→ WHAT YOU ARE ASKED TO DO: Look below for the line with "Sebra - 2-in-1 Bed Rail | White" and the line with "AUFER Universal Quick". Copy exactly those two lines and every line between, but not the pictures.
Content starts
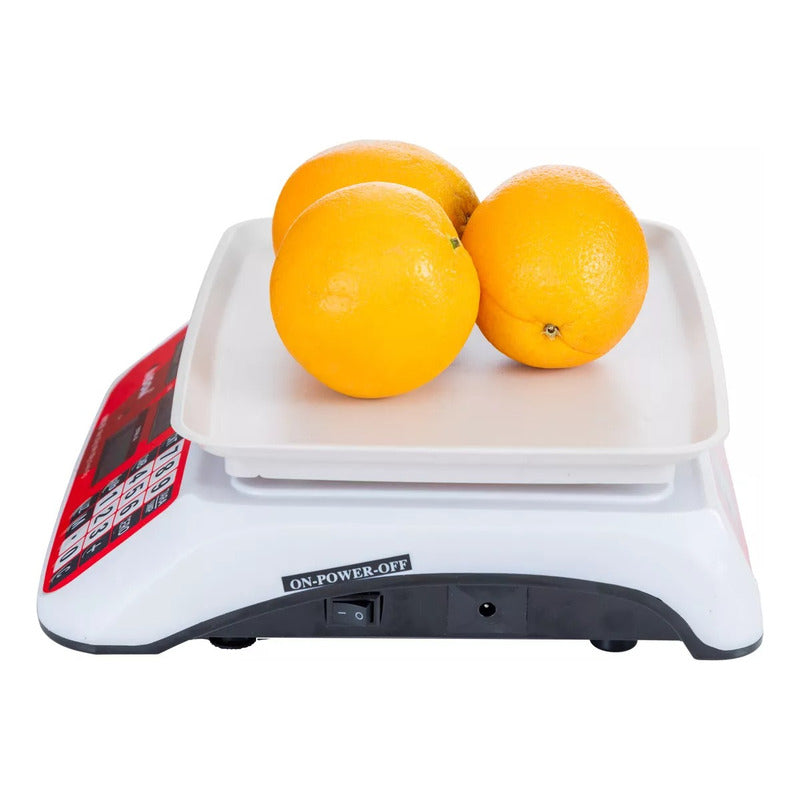 Báscula Comercial Digital Vinson Vins-20 20kg 29 Cm X 22 Cm Color Blanco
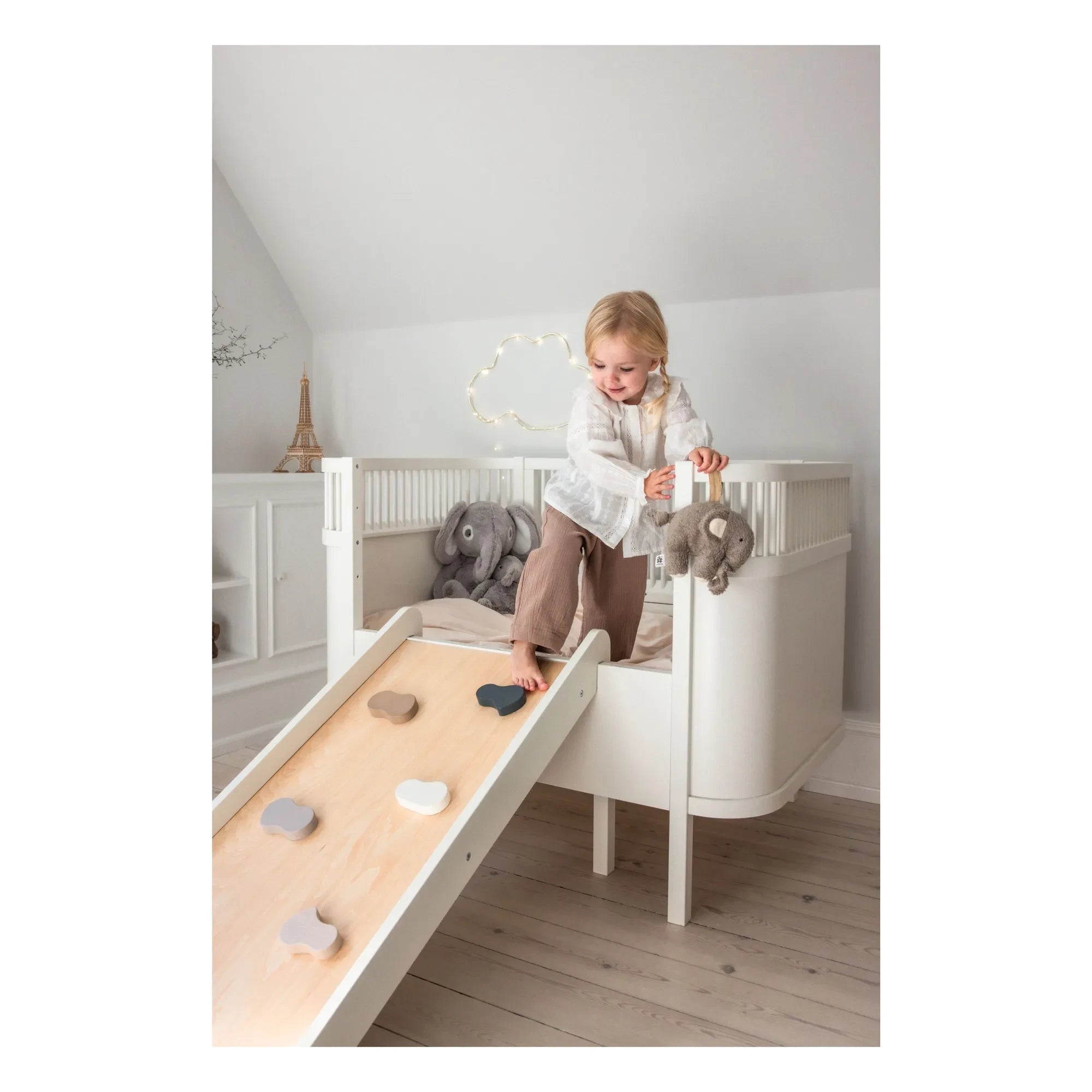 Sebra - 2-in-1 Bed Rail | White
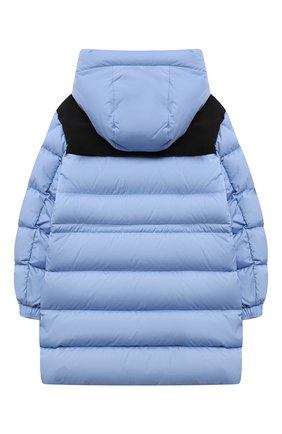 Детское пуховое пальто nuray MONCLER голубого цвета, арт. G2-954-1C538-20-68352/4-6A | Фото 2 (Кросс-КТ: Сезон: зима; Рукава: Длинные; Материал внешний: Синтетический материал; Мальчики Кросс-КТ: Пуховик-верхняя одежда; Региональные ограничения белый список (Axapta Mercury): RU; Материал подклада: Синтетический материал; Материал утеплителя: Пух и перо)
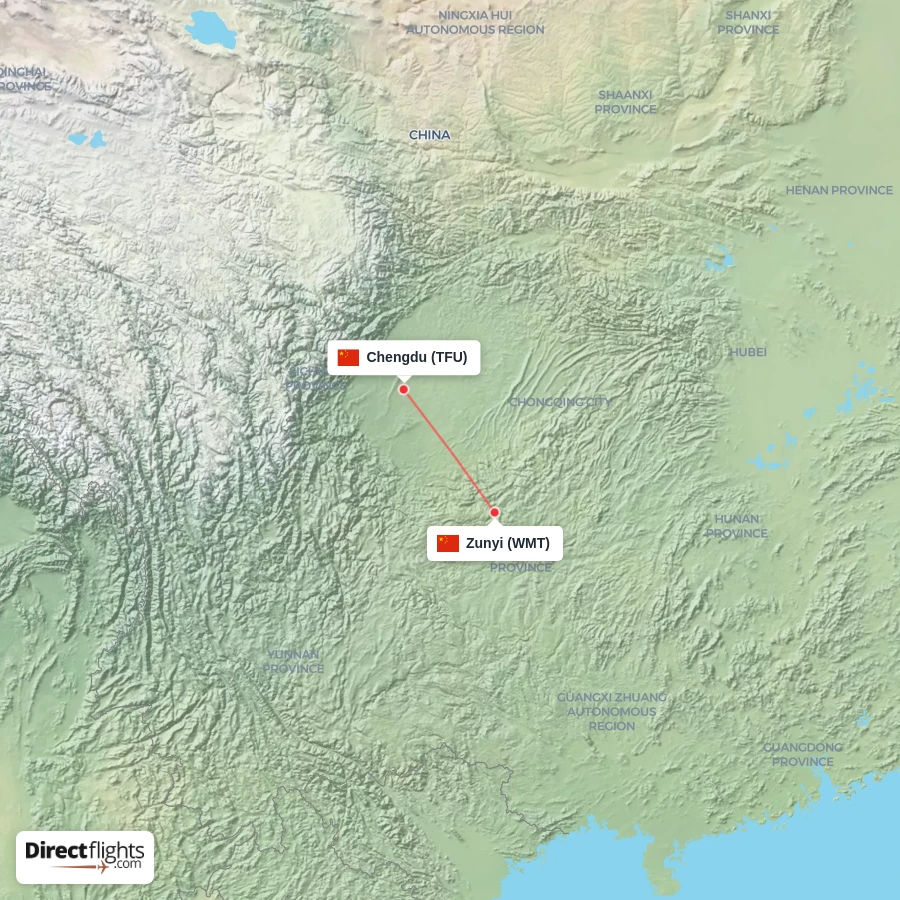 TFU - WMT route map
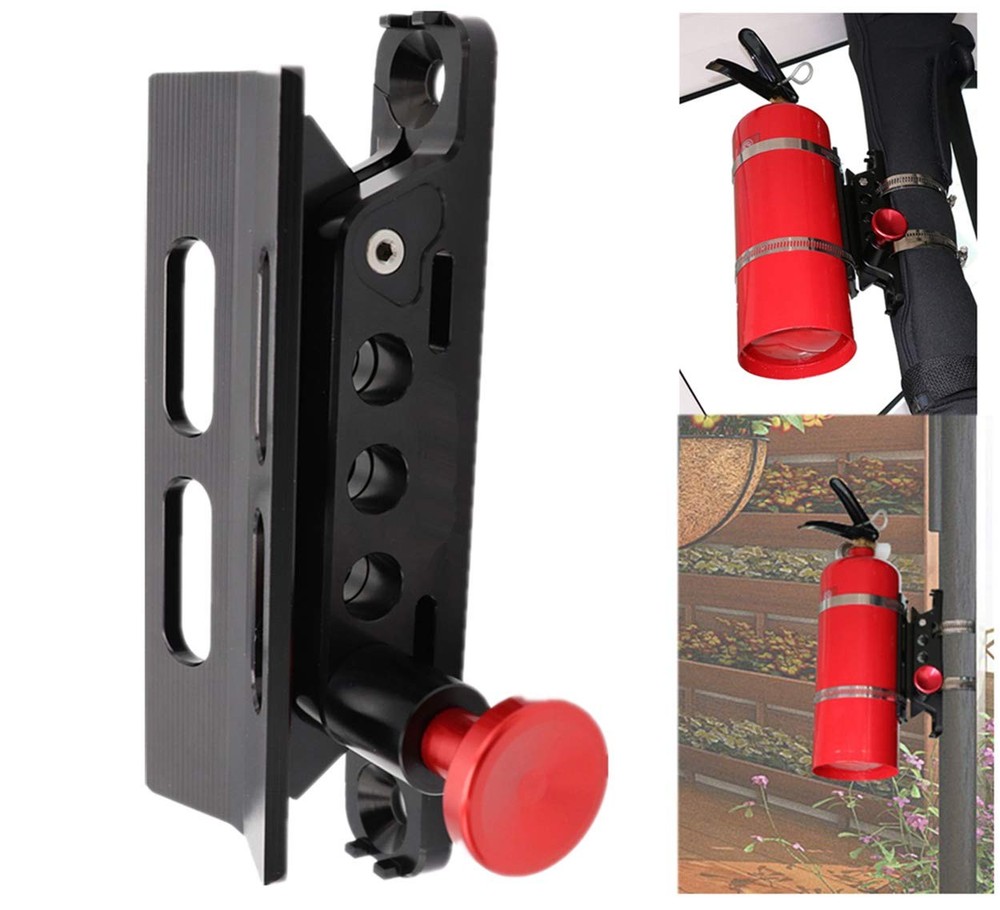 AUFER Universal Quick Release Roll Bar Fire Extinguisher Mount Holder Compati...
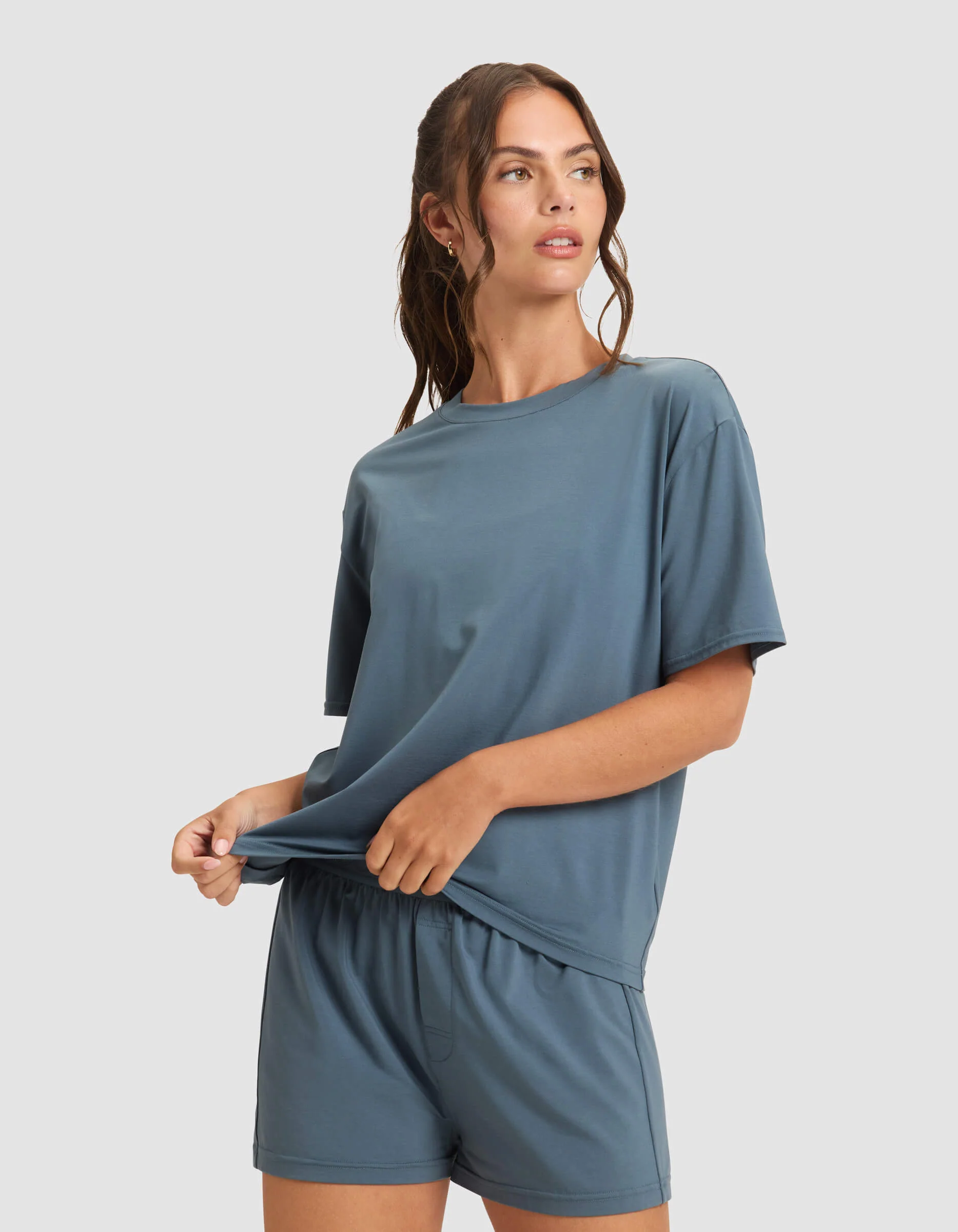 Women's First Layer Pajama Short Sleeve Tee & Boxer Short Set - Image 17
Content ends
→ EXERCISE SOLUTION:
 Sebra - 2-in-1 Bed Rail | White
 Детское пуховое пальто nuray MONCLER голубого цвета, арт. G2-954-1C538-20-68352/4-6A | Фото 2 (Кросс-КТ: Сезон: зима; Рукава: Длинные; Материал внешний: Синтетический материал; Мальчики Кросс-КТ: Пуховик-верхняя одежда; Региональные ограничения белый список (Axapta Mercury): RU; Материал подклада: Синтетический материал; Материал утеплителя: Пух и перо)
 TFU - WMT route map
 AUFER Universal Quick Release Roll Bar Fire Extinguisher Mount Holder Compati...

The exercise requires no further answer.